Juiz, delegado, promotor, policial e a segurança pessoal vitalícia do STF
A decisão do Supremo Tribunal Federal, tomada neste ano de 2025, de conceder a seus ministros aposentados o direito à segurança pessoal vitalícia, trouxe à tona um debate necessário e inadiável: por que essa proteção permanente não é estendida, com igual prioridade, aos juízes, delegados, promotores e policiais que enfrentam diariamente o crime organizado no Brasil?
A resolução do STF parte de uma premissa correta (sei que os motivos não foram o crime organizado, mas a rejeição e revolta da população a uma corte aparelhada politicamente) no qual determinadas funções públicas produzem riscos que não se encerram com a aposentadoria. Ministros da Corte tomam decisões que afetam interesses poderosos e, por isso, permanecem expostos a ameaças por tempo indeterminado. A lógica é institucional, não personalista. Entretanto, ao reconhecer essa realidade apenas para si, o STF deixa evidente que faltou visão de sistema, faltou enxergar o Estado em sua totalidade, e principalmente, faltou olhar para aqueles que são a linha de frente no combate às facções criminosas é que olham o rosto do bandido faccionado diariamente.
Se a tese é verdadeira para ministros, ela é ainda mais verdadeira para quem está nas ruas, nas investigações, nas audiências criminais, na persecução penal cotidiana. Delegados e policiais desarticulam quadrilhas, apreendem arsenais e drogas, causam prejuízos milionários às organizações criminosas (e portanto lucro ao país). Promotores sustentam denúncias que atingem diretamente as estruturas internas das facções. Juízes criminais decretam prisões, bloqueiam bens, quebram sigilos, sentenciam líderes de grupos violentos. Todos acumulam inimigos que não se aposentam.
A pergunta inevitável é: quem combate o crime organizado vive em risco pelo resto da vida, então, por que o Estado não reconhece isso com igual urgência? Ao proteger apenas a cúpula, o STF reforça a percepção de que há cidadãos de primeira e de segunda classe dentro do próprio Estado.
A medida do STF deveria ter sido o primeiro passo, e não o ponto final. Um Supremo verdadeiramente comprometido com a integridade do sistema de Justiça teria acompanhado a própria decisão com uma recomendação institucional, uma provocação legislativa, ou ao menos um reconhecimento formal de que a segurança vitalícia deve ser política pública nacional para todos que enfrentam o crime organizado, mediante análise técnica de risco.
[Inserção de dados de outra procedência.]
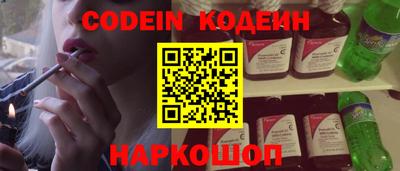 трава Кинель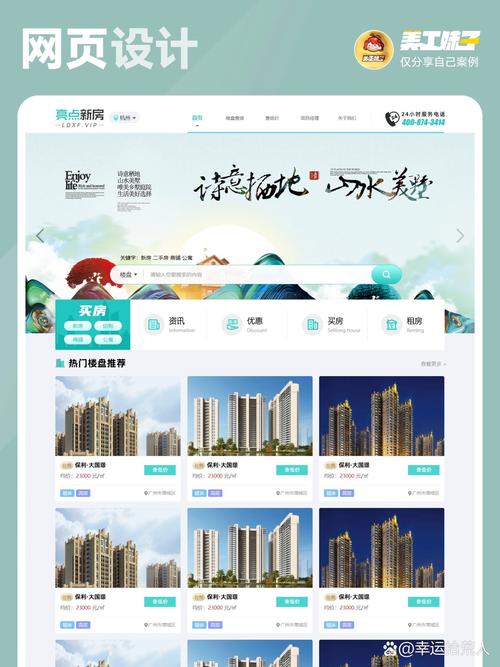 如何设计房地产网站，让浏览者快速找到心仪房源？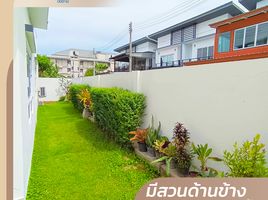 3 Bedroom Townhouse for sale at Yensabaidee Townhome, Ru Samilae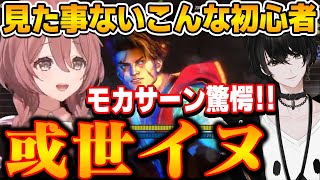 【スト6】モカサーンルークコーチ。或世イヌのスト６と向き合う姿勢が初心者レベルじゃなく驚愕する【甘結もか/ぶいすぽ切り抜き】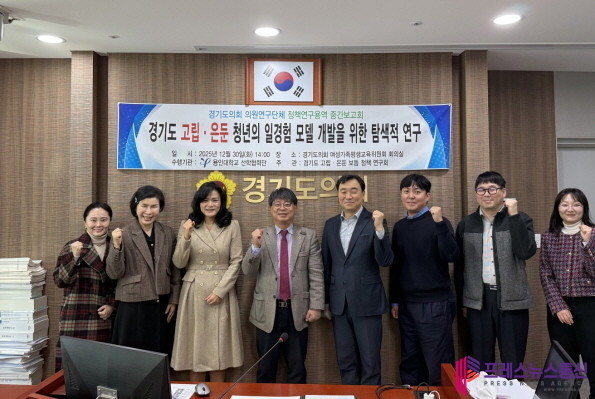 경기도의회 김재훈 의원, 「경기도 고...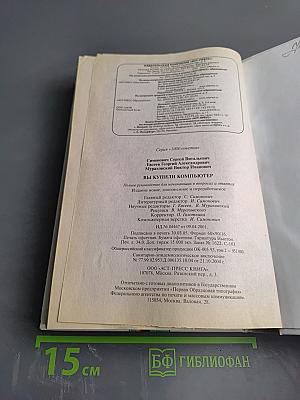 Вы купили компьютер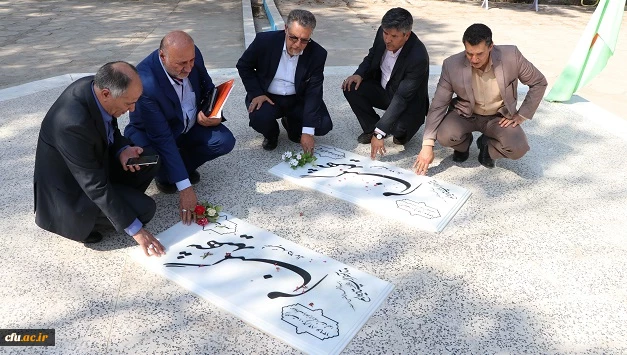 در حاشیه سفر معاون نظارت ، ارزیابی و تضمین کیفیت دانشگاه به اصفهان انجام شد:

ادای احترام به مقام شامخ شهدای گمنام ، بازدید از روند مصاحبه داوطلبان ورود به دانشگاه، و حضور در جمع اعضای هیات علمی 3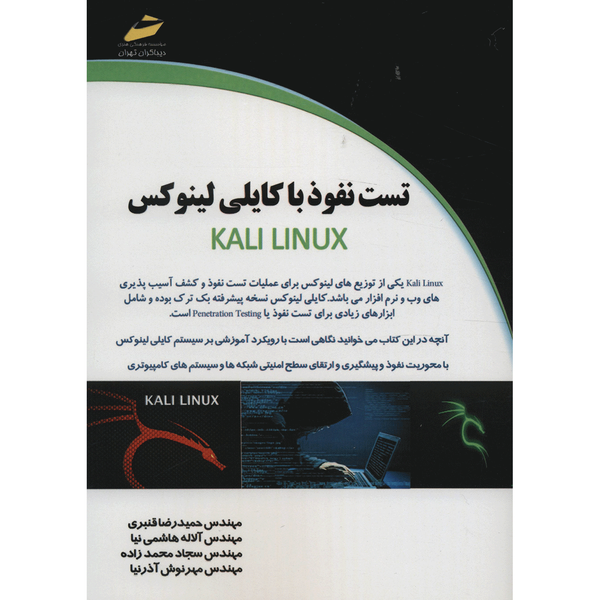 کتاب تست نفوذ با کایلی لینوکس اثر حمیدرضا قنبری کتاب تست نفوذ با کایلی لینوکس اثر حمیدرضا قنبری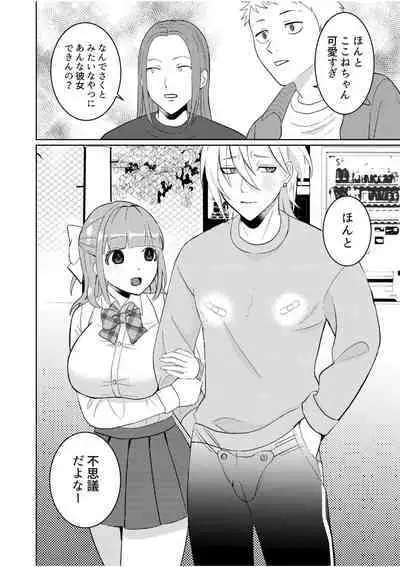 Shujū Chūdoku ~ Kyōken Yankī to Kawai Sugiru Goshujinsama 1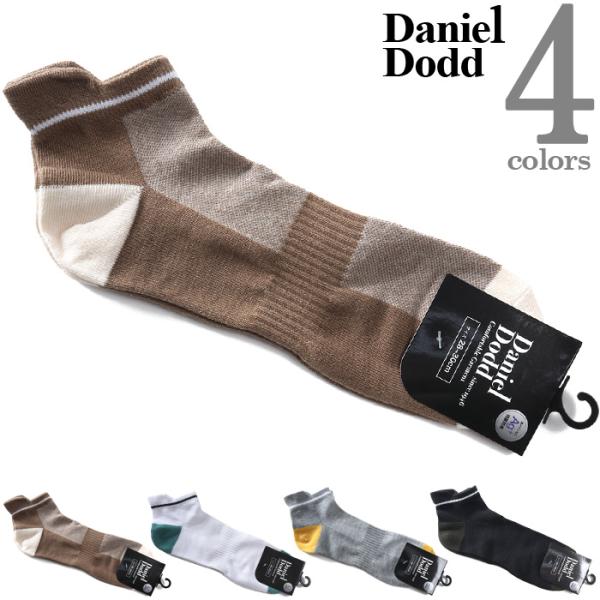大きいサイズ メンズ DANIEL DODD 抗菌防臭 配色切替 アンクル ソックス 靴下 azsk...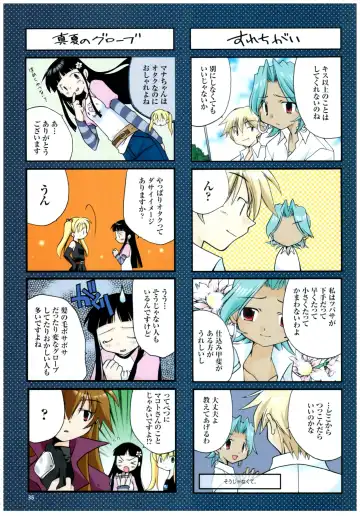 Yoru Ga Kuru! Square Of The Moon Visual Fan Book Fhentai - Page 108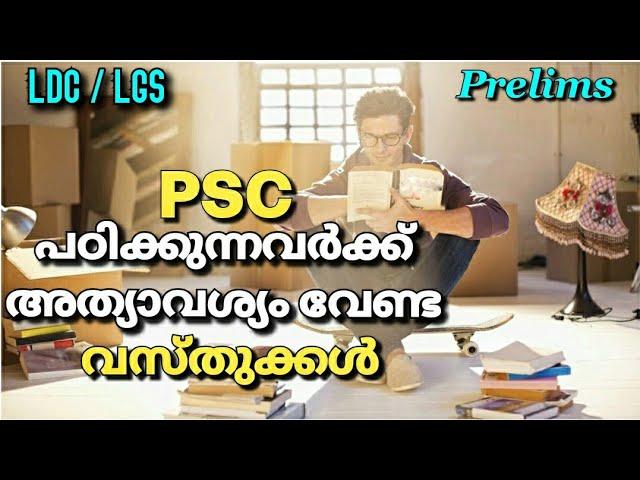 Basic Study Materials for PSC | Kerala PSC | LDC | Preliminary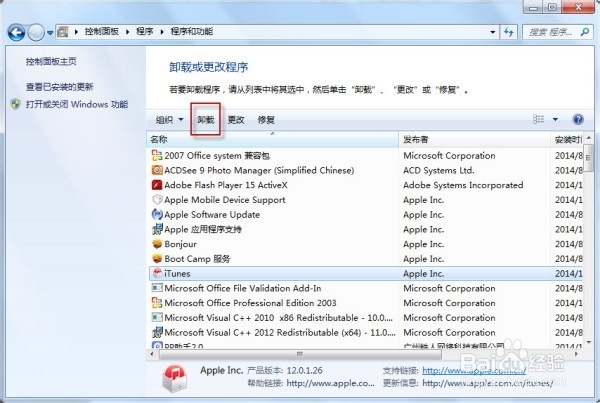 iTunes升级不成功怎么办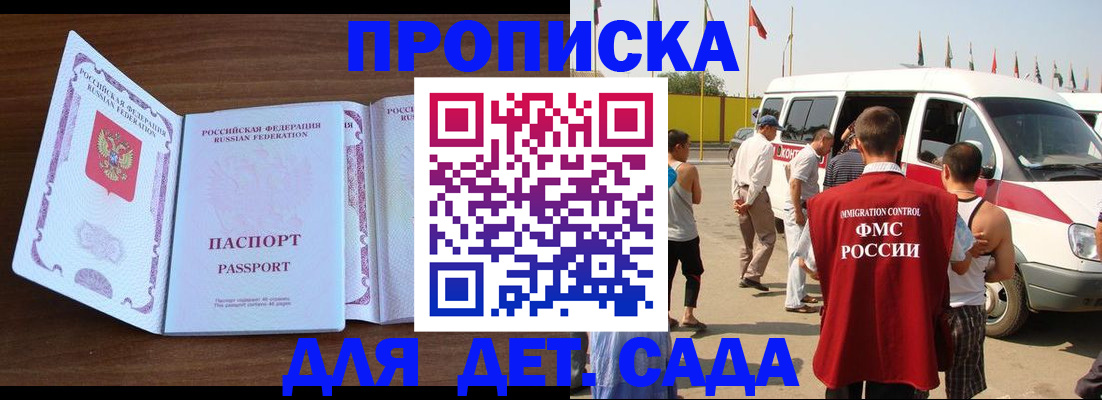 временная регистрация для школы в Полярных Зорях
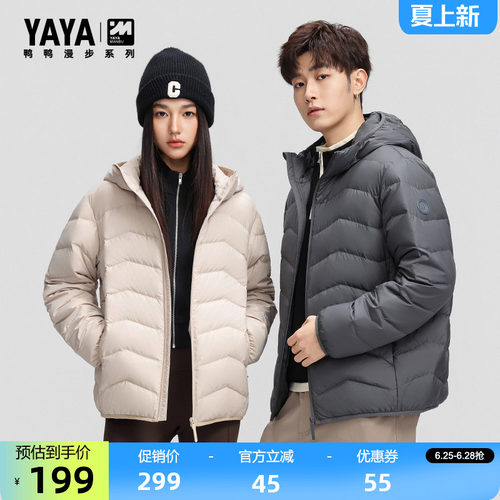 鸭鸭羽绒服男短款时尚休闲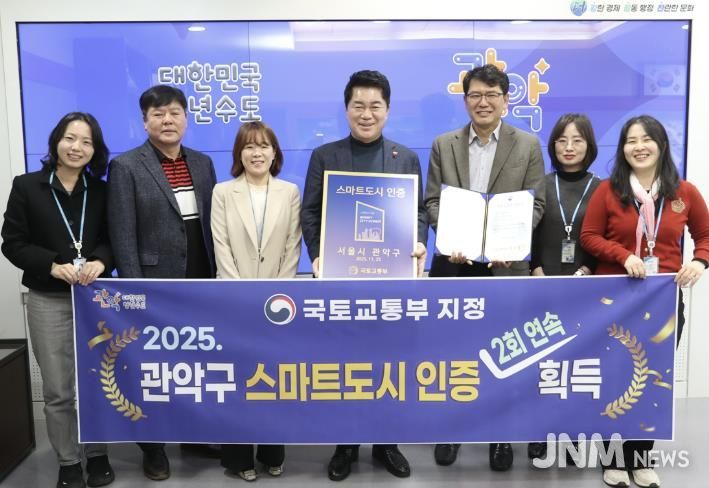 관악구 국토교통부 주관 2025년 스마트도시 재인증 기념 단체사진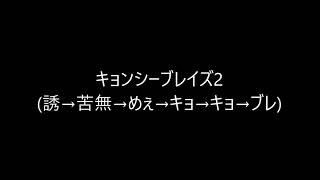 マビノギ　ブレイズ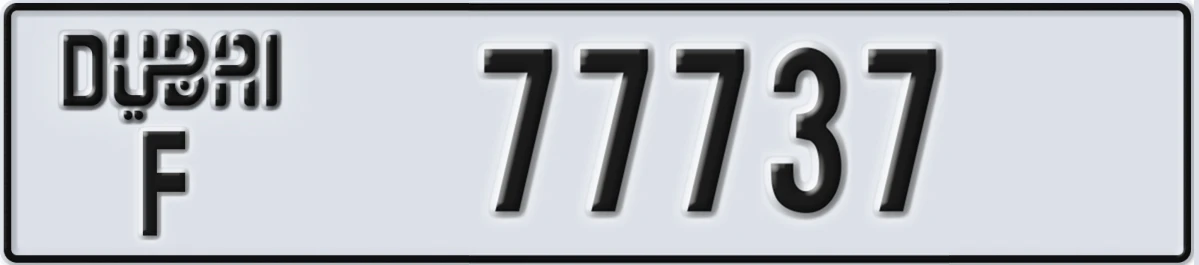UAE License Plate Dubai F 77737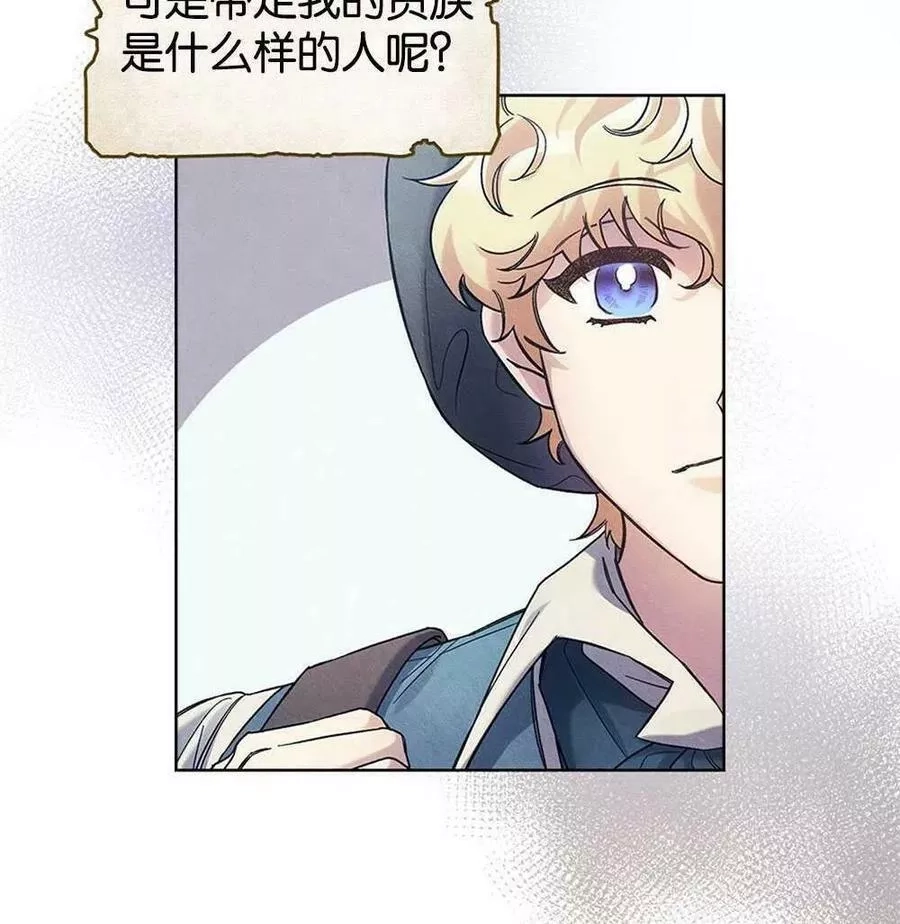 忧郁的小丑,第45话,第118张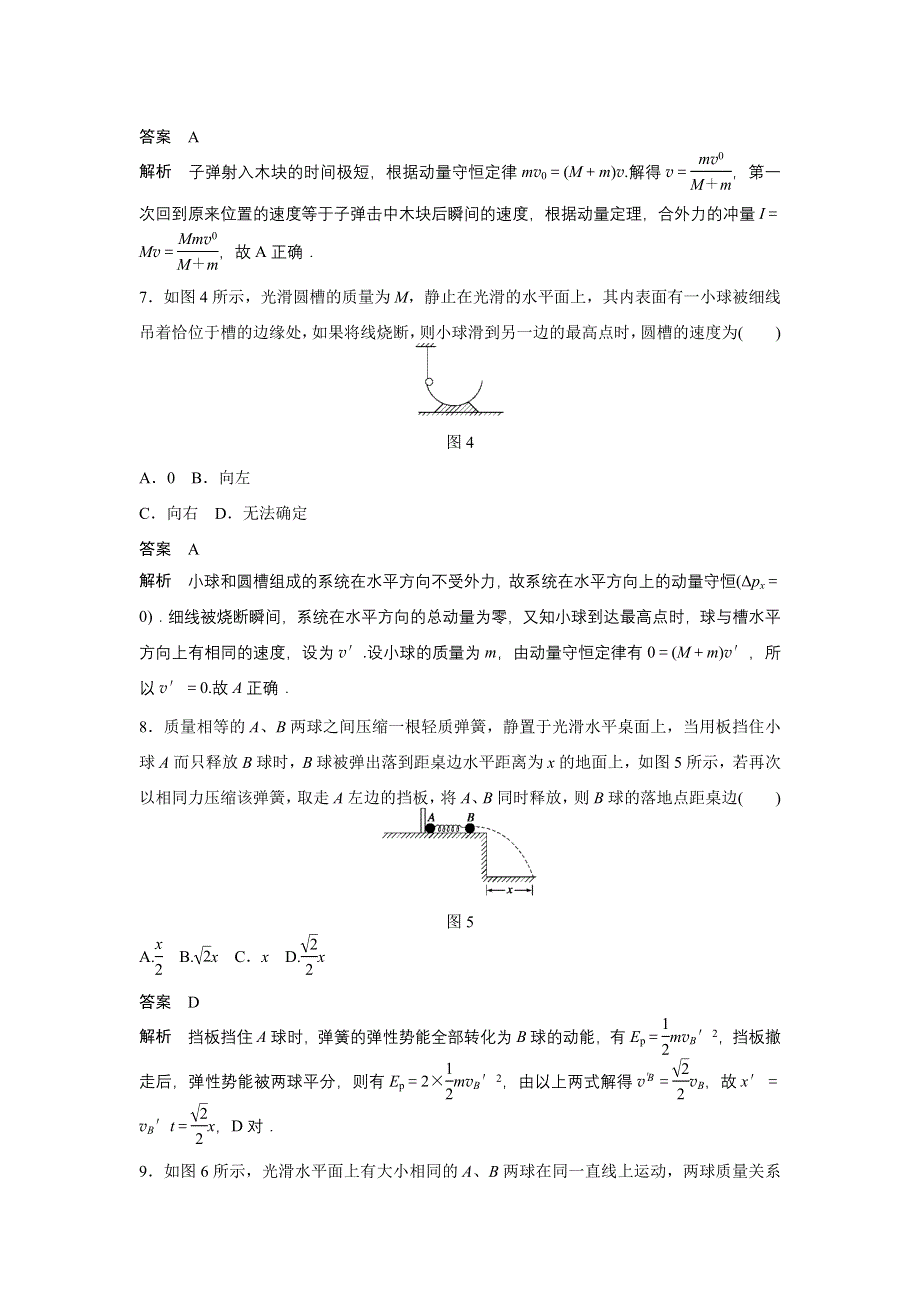 2015-2016学年高二物理人教版选修3-5 章末检测卷一（十六） WORD版含解析.docx_第3页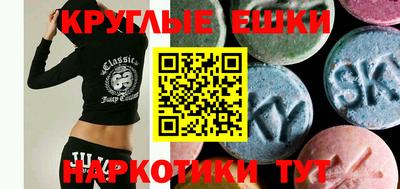 ALPHA PVP Ливны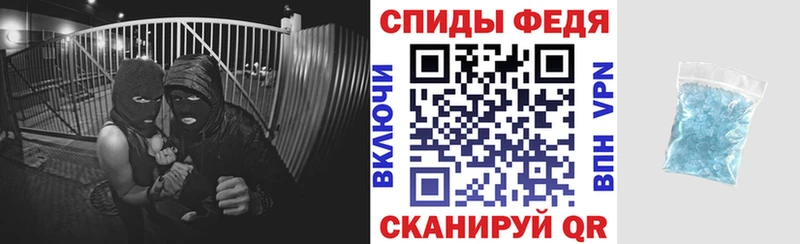 что такое наркотик  Казань  Амфетамин Розовый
Trata-se de uma agenda republicana, não corporativa.
Não existe crescimento econômico sustentável onde o crime organizado se fortalece, intimida ou vinga-se de agentes públicos.
E não existe paz social onde o próprio Estado não protege aqueles que o protegem.
Uma política nacional de segurança vitalícia para servidores que atuam no front do combate a facções é, portanto, medida de fortalecimento do Estado de Direito, de estímulo à eficiência da persecução penal. Ambientes seguros atraem empresas, reduzem custos logísticos, ampliam geração de emprego e permitem que a economia floresça. O contrário também é verdadeiro: onde prevalece o medo, o empreendedor recua, o Estado encolhe e o crime avança.
Hissa Abrahão é economista, professor universitário, mestre, doutorando, ex-deputado federal e vice-prefeito de Manaus.